Agata, la madre di Moretti, mancata nel 2010 ad 89 anni, è da sempre una figura mitica: dai suoi ex alunni che ne hanno decretato la figura di leggenda capitolina per la bravura come insegnante e madre putativa al figlio, c’è una sottotrama della carriera e del racconto sul – e del – cineasta che la coinvolge, tanto che il suo cognome, Apicella, è stato parte integrante della cinematografia morettiana, affidato al mitico alter ego di Nanni.
L’ingenuità patetica e retorica che a volte, nei momenti cruciali, ci prende, ce la mostra spudoratamente il regista, così come quelle incomprensioni con il resto del mondo “che non ci capisce”. La semplicità di un quotidiano che sta andando in mille pezzi per ricostruirsi su un’assenza, ingombrante quanto la presenza precedente, ci schiaffeggia in pieno viso, a ogni scena. Questo è Mia madre. Durante il film ridi, sorridi, ti commuovi, provi dolore e empatia. Ti senti vicino a quei ragazzi invecchiati, a quei figli indifesi. Dopo capisci che l’autore è entrato, troppo, dentro di te.
Come ha fatto con quella donna e quell’uomo. Il loro successo non li ha protetti, la realizzazione all’esterno della famiglia li ha resi solo più isolati, non sono più adulti di decenni prima, neanche l’esperienza li difende. E’ dolce il sorriso della Buy di fronte agli ex alunni della mamma, di cui forse è un po’ gelosa, così come la condiscendenza di Moretti che prova a sembrar in grado di reggere ogni urto della vita. Ma si è già sgretolato e, forse, la sua bravura è semplicemente accettarlo.
Il sottotesto metacinematografico, quel film laburista a cui assistiamo, diretto da Margherita (o subìto, essendo una sbarra della prigione dorata che si è creata per proteggersi inutilmente da tutti), è un pretesto per raccontare l’inadeguatezza di chi, la sua arte, forse non la vuole usare più per mostrare un mondo sempre più sconfitto, banale, scontato nel dividersi tra vincenti e perdenti.
Serve però a ricordarci che ci sono bravi attori che Moretti sa ancora scegliere tra quelli sottoutilizzati, ingiustamente, da Pietro Ragusa a Anna Bellato, passando per Francesco Brandi e l’istrionico Tony Laudadio, di quegli interpreti a cui bastano poche pose per mettere la loro firma, per rendere un film più prezioso.

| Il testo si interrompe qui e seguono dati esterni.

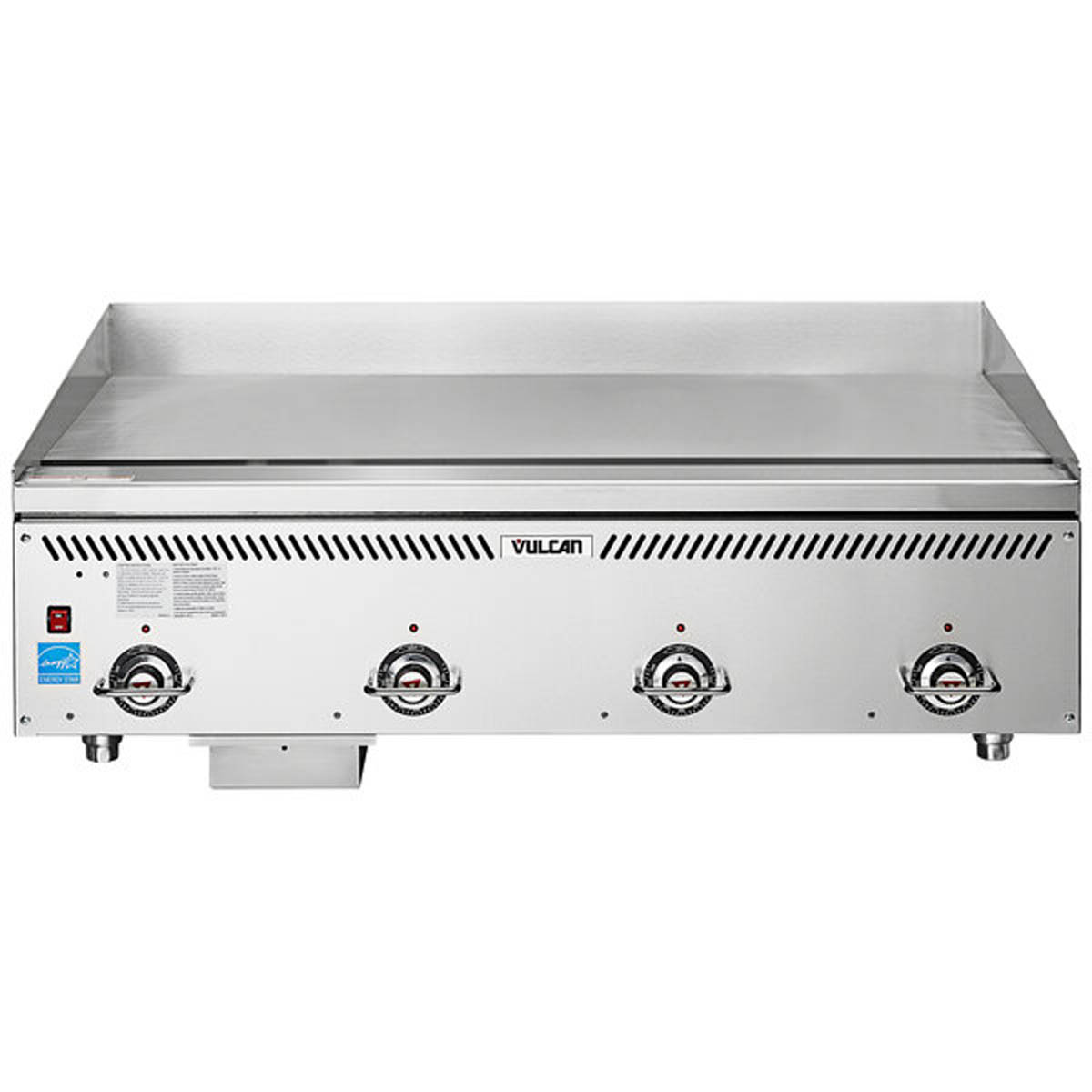 Vulcan VCCG48-AS 48-Inch Commercial Gas Griddle — 4 Burners, Thermostat / Solid State Controls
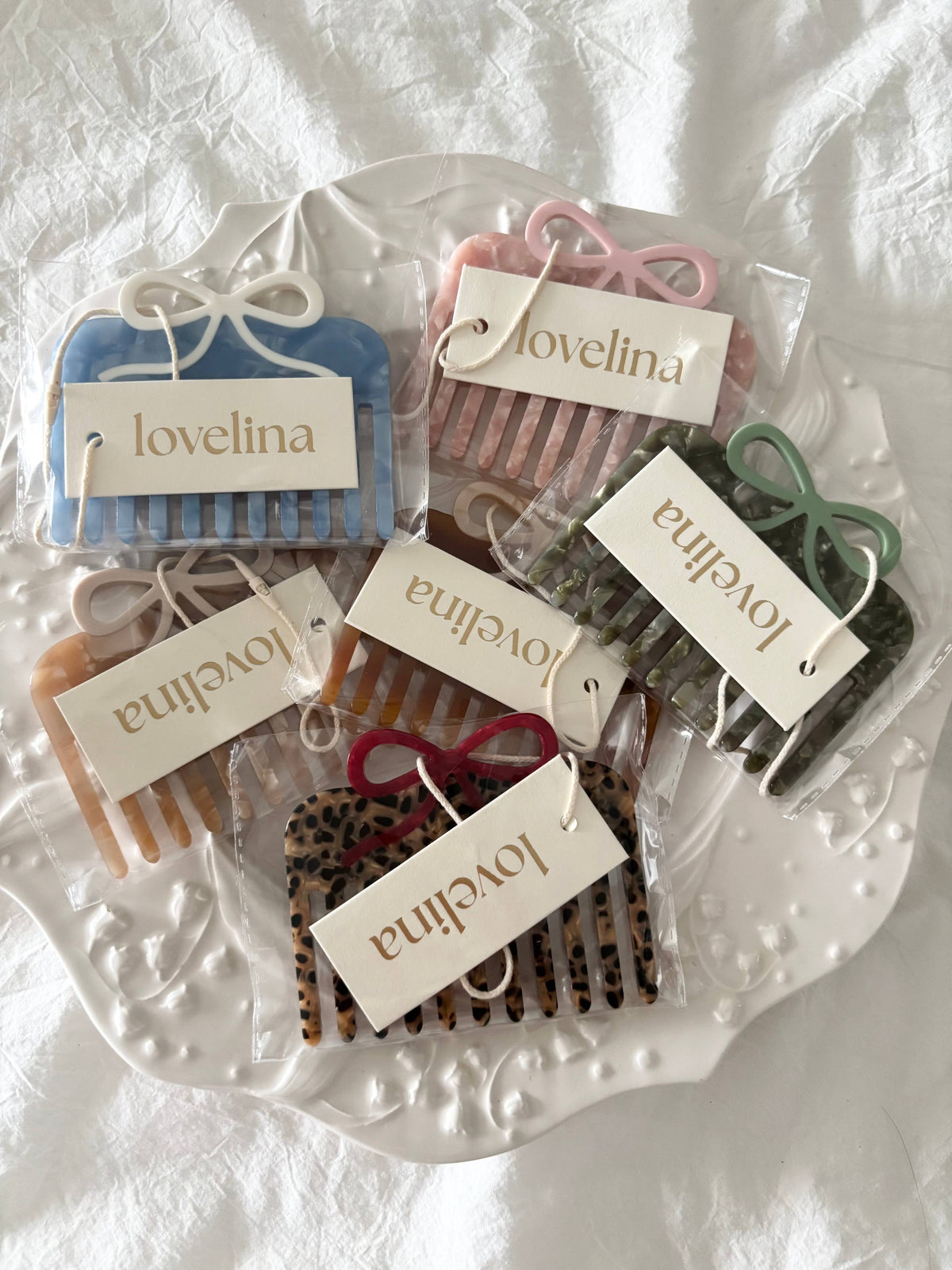 Bow Acetate Wide-Tooth Comb Holiday Gift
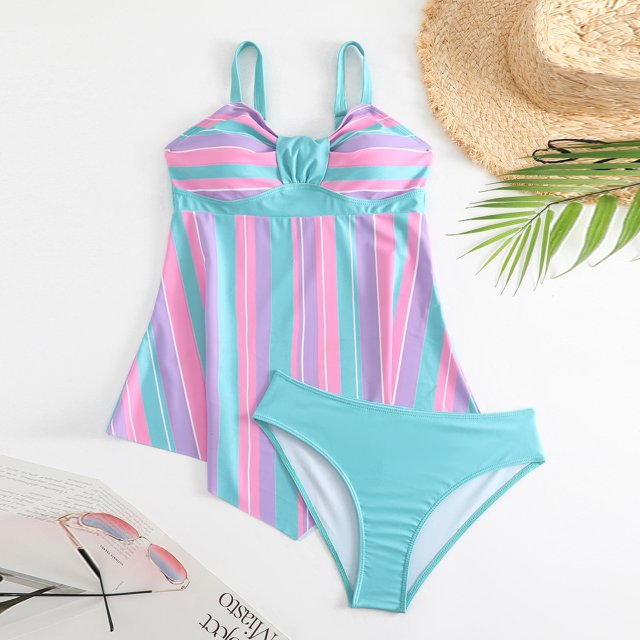 UPPADA Tankini Swimsuits for Women High Waisted Bathing Suit Two Piece Tank Top with Bottom Brief Swimsuit Ruched Tummy Control Bathing Suits Flowy Beachwear Clearance Blue,XL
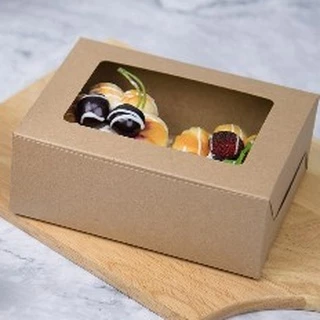 Boxjourney กล่องสแน็คบ็อกซ์ FB สีหน้าต่าง / ไม่มีหน้าต่าง 12x16x6 ซม. (20 ใบ/แพค) กล่องจัดเบรค กล่องขนม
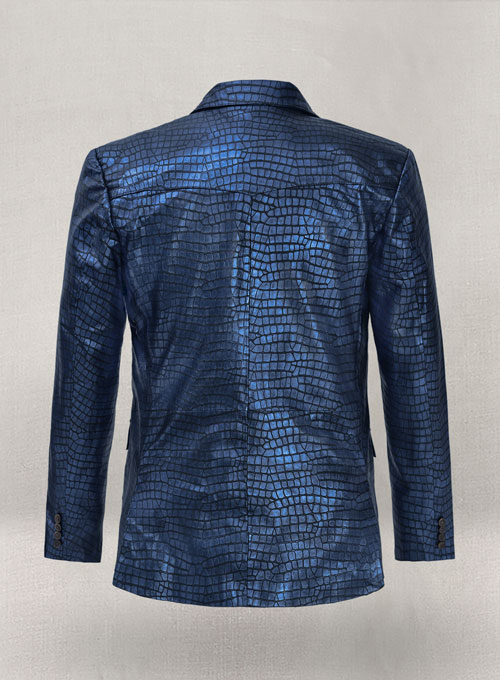 (image for) Croc Metallic Blue Western Leather Blazer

NANNI MORETTI, MIA MADRE, USCITA IN SALA IL 16 APRILE –
E allora è inevitabile gioire per l’uscita, il 16 aprile, del dodicesimo film di Nanni Moretti. A 62 anni, dopo almeno un paio di svolte nella sua poetica, è un regista più vitale che mai. Coerente nel non cercare estetismi inutili – tecnicamente non è mai stato un cineasta virtuoso, e aggiungiamo “per fortuna” – ma nel provare a trovare il centro di gravità suo e dello spettatore, di interpretarne il presente rendendolo universale, ma allo stesso tempo infischiandosene di etichette, che non siano le sue.
Sembra più libero, senza politica, più creativo e di nuovo (molto) divertente. In due parole, appare ringiovanito. Nel raccontare e raccontarsi. Non ce ne vogliano Arnaldo Catinari, che pure fa un gran lavoro con una fotografia decisa e pure piena di sfumature, né Paola Bizzarri per quelle scenografie che sembrano tavole di una grande graphic novel.
Questo è un film di Nanni Moretti, che però a differenza di come lo sfotteva Dino Risi, non si mette più davanti ai suoi film. Li conduce, rimanendone ai margini, con questi splendidi personaggi di contorno che con uno sguardo, magari, indicando la direzione. E ammettono, finalmente, la loro inadeguatezza. La sua, la nostra.